As I was preparing to go teach at the yoga retreat, it occurred to me that when the retreat was over I had no plans for a few days. As I was weighing my options for that free time, I got a text message from Mary:
- Rach, want to sail to Singapore?
Sometimes life presents you with tough choices, go to college/don’t go to college, get married/don’t get married, separate/stay together… this was not one of those choices.
My response was immediate – uh…YEAH!
After a fantastic week a the yoga retreat I said my farewells to the students and a few hours later found myself back in the very comfortable company of Mary, Ed and Jason. The sail to Singapore is about 900 nautical miles and should take us 5-6 days of sailing, plus two days on Borneo where we are making a quick stop off to see orangutans.
Now at sea, I must admit I am smitten. I have fallen instantly in love with sailing, with my crew mates and with the boat. I really feel that I am the luckiest girl in the world!
Friends and fellow-sailors Thors (Victoria) and Brad (Bradshaw) flew in from Sydney to help with the transfer of the boat, so we are a crew of six. Mary and Ed, Thors and Brad and Jason and I are paired up for watches as we are sailing 24 hours a day.

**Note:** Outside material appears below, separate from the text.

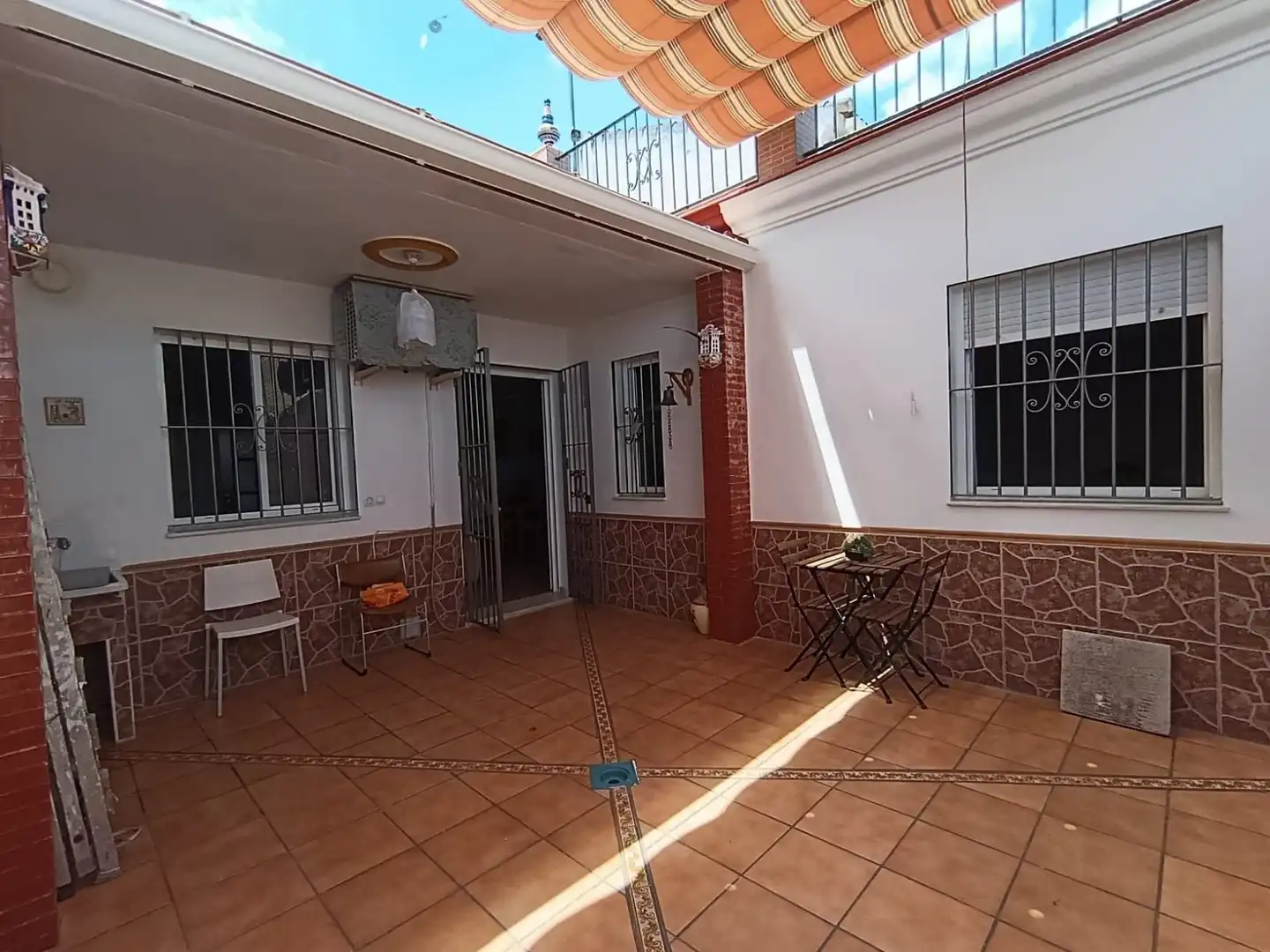 Terraza de Casa o chalet en venta en Castilblanco de los Arroyos con Aire acondicionado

Each pair takes three-hour shifts tending to the boat while the others sleep, or play Guitar Hero, or cook.‘Watch’ so far has required that Jason and I sit up top, chat, read books, play cards, and once in a while check the horizon and the radar for other boats, tighten something, or release something.
Actually, it mostly requires that Jason do these things, as I am the greenhorn aboard and my main skill sets lie in documenting the trip, serving cocktails and being the bikini-clad girl who waves at passing fishing vessels. I am taking my job very seriously. And it really is my kind of job! I can perform my duties from a semi-prone position while wearing my bathing suit and staring out at the horizon. Where do I find a permanent placement?
I have sailed a couple times before, never seriously, just a few day trips here, a job as a cocktail server there, a fun regatta once upon a time. This trip however, marks many sailing firsts for me. I have never spent more than one night at sea. I have never crossed the equator at less than the cruising altitude of a jet and I have never been hundreds of miles from the nearest spit of land in the middle of the Java Sea or the South China Sea.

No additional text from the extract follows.